I just finished installing Ubuntu 9.10 server edition on a shiny new Dell PowerEdge R805 box, as part of expanding our malware analysis labs. No big deal - half an hour of babysitting an installer, right?
It took me 5 hours, thanks to some really stupid decisions made by the Ubunutu team surrounding perhaps the most vital part of the installation process: the bootloader.
The actual install itself was nice and easy, just like I've come to expect out of the Ubuntu folks: sane defaults, good explanations when I had to make a relevant choice, and generally minimal requirements for interactivity. Anybody with even the most basic computer experience could fumble their way through it. After finishing, I took my CD out, rebooted...and suddenly found myself at a Busybox shell with a note about GRUB being unable to find the root filesystem.
I figured I'd done something really retarded, because in all of the years I've been installing *NIX operating systems, I've only had one other bootloader failure - an OpenBSD "Bad Magic" issue when I was swapping out hard drives that made immediate sense once I did two seconds worth of Googling, and that yielded a fun little picture in the process. So I sat down, thought for a second, and then realized I'd installed the 32-bit version of Ubunutu on a box with 8GB of RAM and a terabyte worth of hard drive - which sure seemed like a good reason for the OS to not be seeing the drive properly.
So I headed back to my desk, burned a copy of the 64-bit version, reinstalled, and got...the exact same Busybox shell. Damnit!
A quick bit of Googling seemed to suggest that there were issues with GRUB recognizing really big disks. Since I'd just used the whole drive with Ubuntu's guided LVM setup, I figured that either my /boot partition was way off past the end of where GRUB could read, or that my / partition was just too big for it to handle. That's what I get for being lazy, I figured, and headed back into installer land, this time manually partitioning things so that /boot was at the very start of the drive, / was 50GB, and /var took up the rest of the space. Another 30-minute installation later, I rebooted, figuring I'd be all set.
Not so much.
Confused, I followed the suggestion at the Busybox shell and did a "cat /proc/modules". Sure enough, mptbase, mptsas, and scsi_transport_sas were all loaded - exactly the modules I needed to be able to see this SAS/MPT BIOS controller. /dev/sda* existed, and inspecting /boot/grub/grub.cfg (side note: Linux people, can we *please* agree on one frikkin' extension for config files?) showed that my root device was set properly. What the hell?

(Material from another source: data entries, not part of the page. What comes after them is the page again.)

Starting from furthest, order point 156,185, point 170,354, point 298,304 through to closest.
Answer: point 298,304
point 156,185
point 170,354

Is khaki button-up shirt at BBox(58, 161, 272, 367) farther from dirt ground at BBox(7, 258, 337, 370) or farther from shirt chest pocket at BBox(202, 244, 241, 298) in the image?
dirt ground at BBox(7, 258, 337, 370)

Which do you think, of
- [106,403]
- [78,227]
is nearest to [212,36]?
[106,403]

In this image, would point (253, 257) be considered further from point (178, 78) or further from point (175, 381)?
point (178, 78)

Getting desperate, I spent some substantial time scouring the web for answers. It seems that a number of people have had problems installing various versions of Ubuntu on the R805 boxes - but in classic Linux style, any time someone popped onto a forum or a mailing list asking how to fix boot issues with this hardware, the thread ended with some variant of "Hey, I figured it out! Thanks guys!", and NO GODDAMNED DESCRIPTION OF HOW THEY FIXED THE PROBLEM. Seriously, people, it takes like two minutes to explain the fix, and it will save countless people countless hours of pain if you just make sure your solution is archived somewhere on the web.
After trying a whole host of possible fixes - setting the SAS controller to be visible to "BIOS only" instead of "BIOS & OS", telling the CD installer to boot off the first hard drive, etc. - I ran across this little nugget of wisdom, which suggested that I set my "rootdelay" value to 35 to give the SAS adapter time to initialize.

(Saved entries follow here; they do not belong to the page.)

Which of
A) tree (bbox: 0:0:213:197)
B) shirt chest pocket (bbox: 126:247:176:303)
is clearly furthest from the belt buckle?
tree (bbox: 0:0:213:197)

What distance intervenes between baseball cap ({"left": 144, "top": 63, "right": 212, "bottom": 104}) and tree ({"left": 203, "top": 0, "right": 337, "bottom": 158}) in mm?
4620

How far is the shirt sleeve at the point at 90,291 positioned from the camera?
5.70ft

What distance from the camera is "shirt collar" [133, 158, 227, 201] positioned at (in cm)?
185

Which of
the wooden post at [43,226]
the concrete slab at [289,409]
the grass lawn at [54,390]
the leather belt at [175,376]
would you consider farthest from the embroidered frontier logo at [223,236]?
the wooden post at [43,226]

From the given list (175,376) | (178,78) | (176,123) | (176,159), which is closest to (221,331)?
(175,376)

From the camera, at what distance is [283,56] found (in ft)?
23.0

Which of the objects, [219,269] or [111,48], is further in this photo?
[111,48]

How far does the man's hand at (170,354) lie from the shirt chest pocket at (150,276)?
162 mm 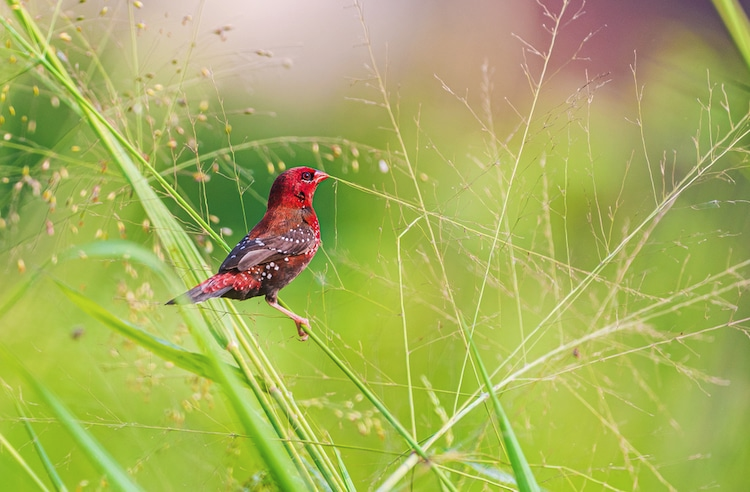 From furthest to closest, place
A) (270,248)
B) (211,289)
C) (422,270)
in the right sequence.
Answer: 1. (422,270)
2. (270,248)
3. (211,289)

Aha! That made perfect sense, I figured. After all, this entire process had been further aggravated by the 30 seconds or so it takes the Dell SAS controller to initialize on each boot (seriously, people, how does it take a hard disk controller 30 f'ing seconds to initialize on a machine with 8 2.5GHz cores?); why wouldn't it want to waste another 30 seconds of my life re-initializing after the operating system loaded?

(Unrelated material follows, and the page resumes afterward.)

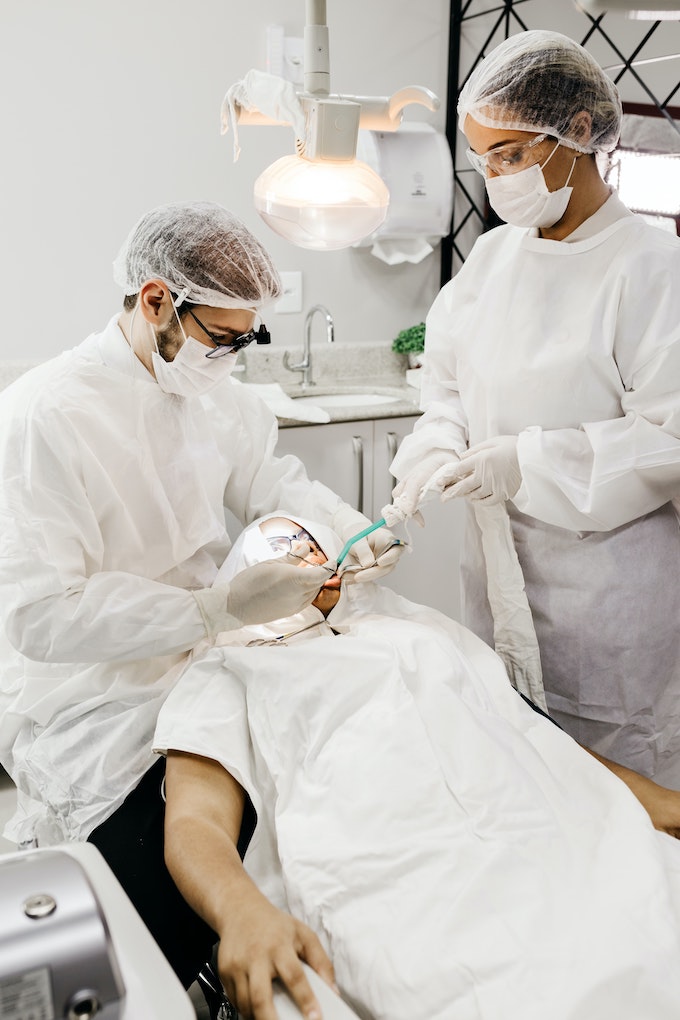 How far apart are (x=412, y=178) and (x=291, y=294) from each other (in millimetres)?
620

Optimistic about my prospects for success, I rebooted yet again, held down shift like the article suggested...and got no GRUB menu. I tried again with "e" (which I vaguely remembered using on some other bootloader in years gone by), and again with "Esc". The third time being a charm, I decided to brute-force the issue, popped the installer disc back in the drive, and chose "Rescue Broken System" from the menu.
This is where I started to realize how broken Ubuntu's installation has become.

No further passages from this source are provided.